Al igual que los comerciantes han hecho con los productos, los transportistas han emprendido una política de subida de precios para los traslados, sin respetar las leyes vigente, según las cuales el costo del transporte se publica en Gaceta Oficial, tras acuerdo entre los prestadores del servicio y el gobierno nacional.
El último aumento autorizado desde el Ministerio de Transporte Terrestre data de septiembre de 2017, cuando se fijó el precio en Bs. 280, aunque ya para octubre en la ciudad de Caracas comenzaron a cobrar 700 por pasaje. Más del 100% por fuera de la ley.

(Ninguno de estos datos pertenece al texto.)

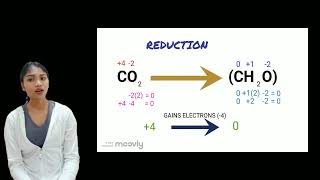 PhotosynthesisRedoxreaction [upl. by Eustace]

Solo dos meses después, el margen se incrementó: transportistas decidieron un nuevo aumento, que llevó el pasaje mínimo a 1000 bolívares, estando todavía vigentes aquellos 280 de la gaceta de septiembre. Entre finales de enero y comienzos del mes de febrero, una amenaza rondó los medios privados: inminente paro de transporte si no se aprobaba un aumento que llevara el pasaje a un total de 3 mil bolívares. Pero a medida que se aleja la ciudad capital, el panorama se complica más.
José trabaja en un ministerio cuya sede está en el centro de la ciudad. Vive en los Valles del Tuy, zona periférica a la capital. Diariamente, debe tomar un autobús para llegar de su residencia a la estación del ferrocarril, luego el Metro, hasta llegar a su lugar de trabajo. Cada pasaje le cuesta ya cinco mil bolívares, por lo cual gasta 10 mil diarios, por ida y vuelta.

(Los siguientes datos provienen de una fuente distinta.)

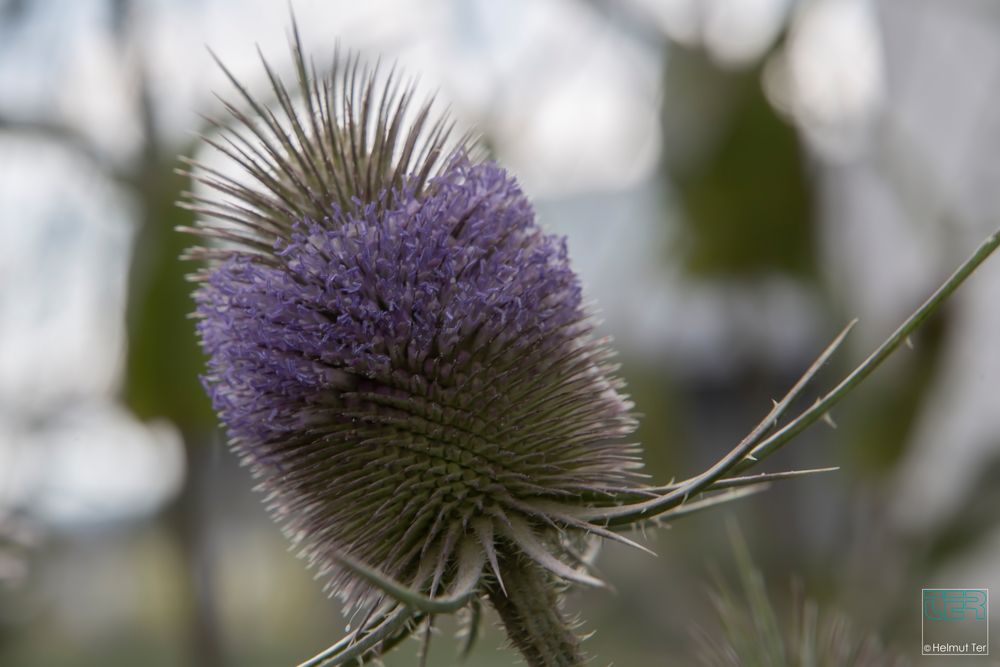 Ringdistel (Carduus)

Al caldo se suman las dificultades para la adquisición de dinero en efectivo, producto de la amplia red de contrabando de extracción del papel moneda: la mayoría de los bancos solo dan 10 mil bolívares diarios por persona. Por lo tanto, José tiene que ir al cajero todos los días para garantizar el pago, que no se puede hacer de otro modo sino con efectivo.
Carmen vive en Guarenas, ciudad satélite también ubicada en el estado Miranda. A ella le cobran hasta 10 mil bolívares por cada traslado a Caracas, y de regreso igual. A veces no logra llegar a su sitio de trabajo, con la ventaja de que su jefa comprende la situación y no la penaliza por sus constantes faltas a la oficina.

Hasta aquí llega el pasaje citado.